** Exercise goal **
Pictures must be left out. Retype exactly the lines from the one containing "Bober Auto - Ammattitaitoinen" through the last line of the records below.

** Record excerpts **
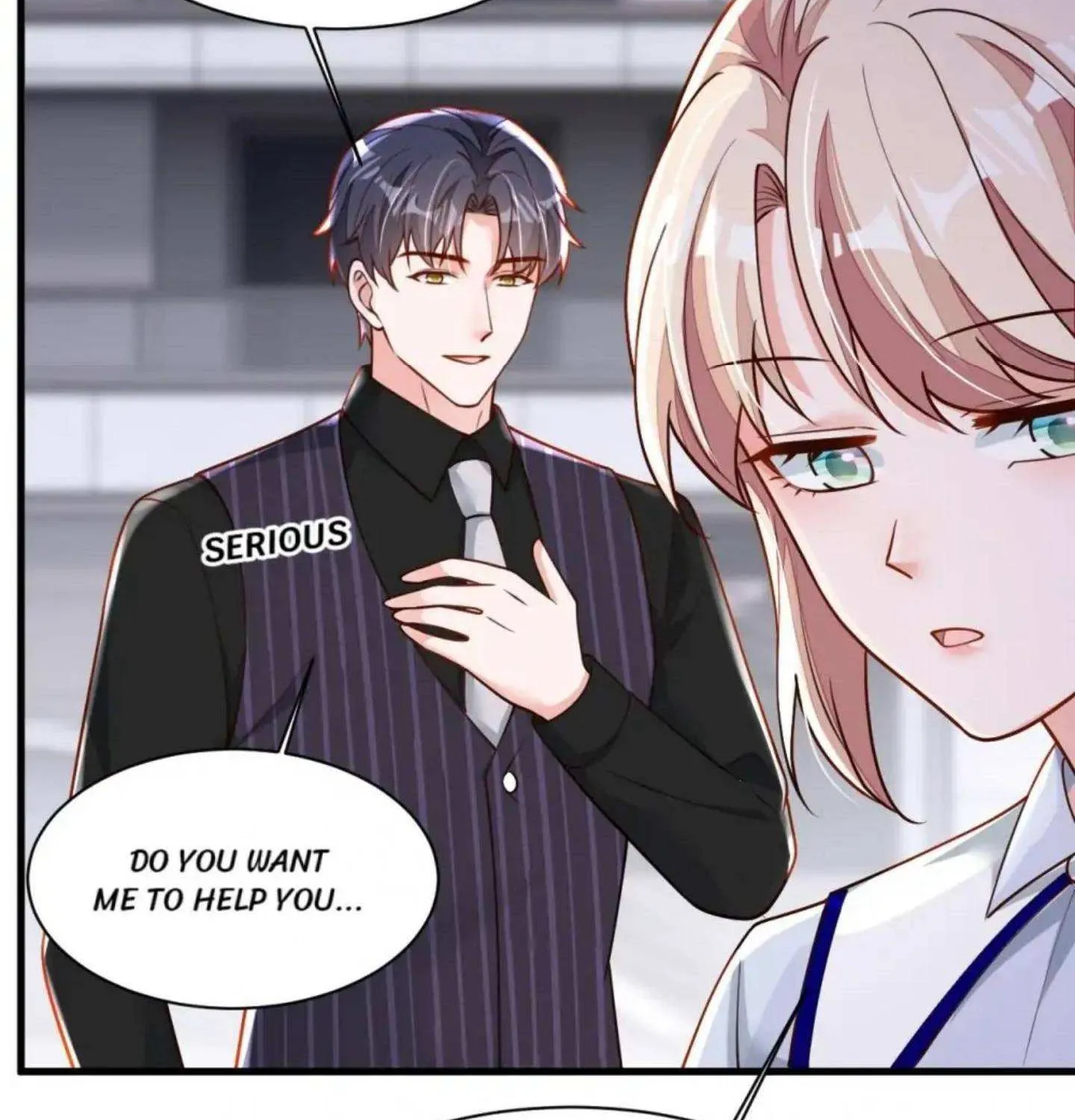 Whispers of the Devil Chapter 197 page 6 - 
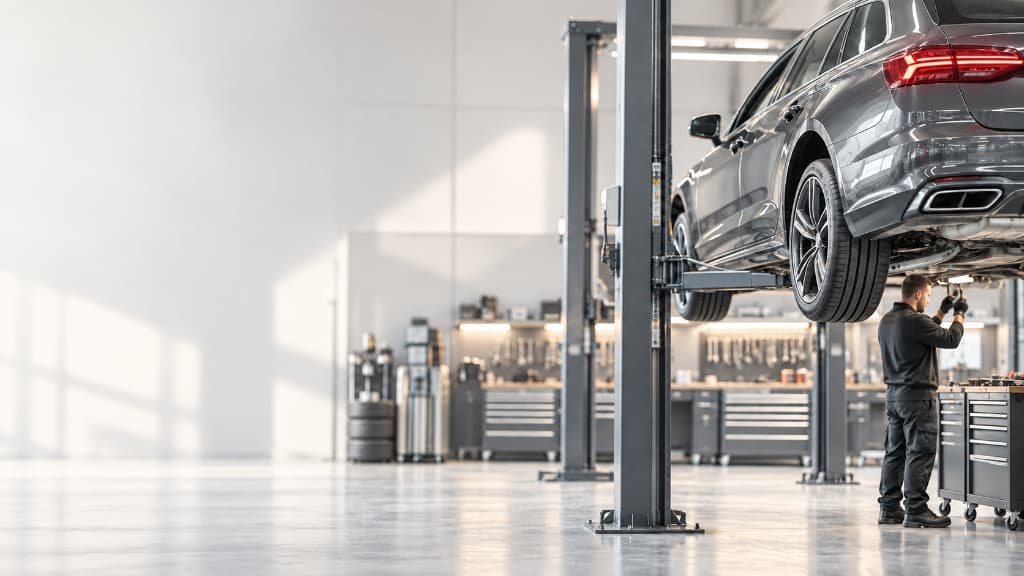 Bober Auto - Ammattitaitoinen autokorjaamo Oulussa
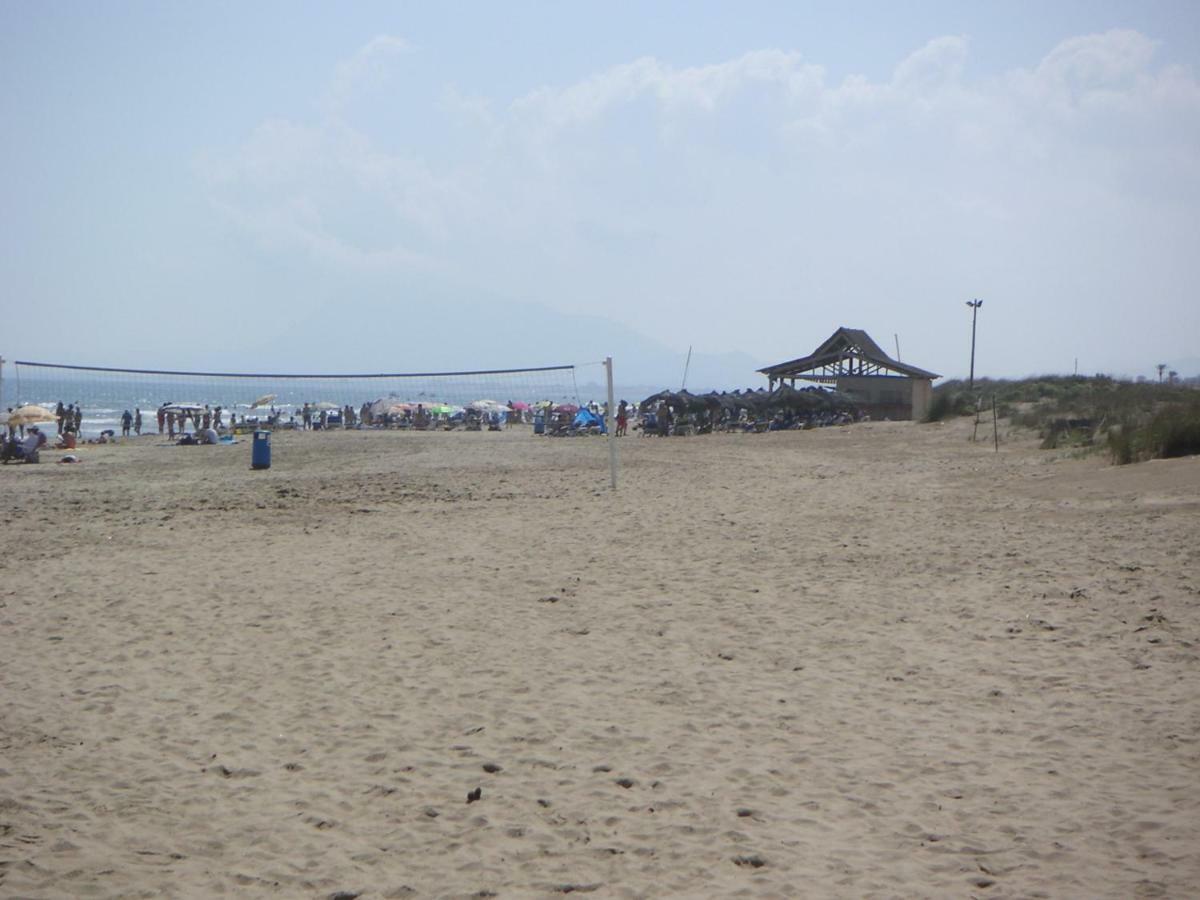 Frente Al Mar - Velazquez Villa Oliva Eksteriør billede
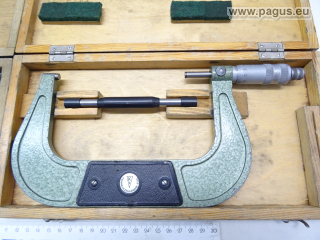 FEINMESS. SUHL Bügelmessschraube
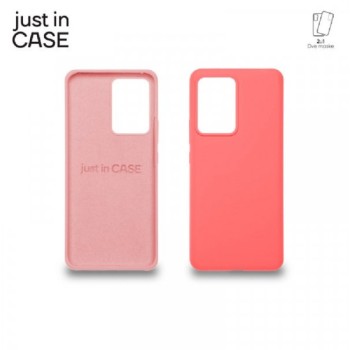 JUST IN CASE 2u1 Extra case MIX PLUS paket maski za telefon PINK za Xiaomi 13 Lite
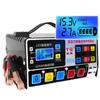 Pure Copper Car Battery Charger 5 Lights Battery For Car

** Output **
 Bober Auto - Ammattitaitoinen autokorjaamo Oulussa
 Frente Al Mar - Velazquez Villa Oliva Eksteriør billede
 FEINMESS. SUHL Bügelmessschraube
 JUST IN CASE 2u1 Extra case MIX PLUS paket maski za telefon PINK za Xiaomi 13 Lite
 Pure Copper Car Battery Charger 5 Lights Battery For Car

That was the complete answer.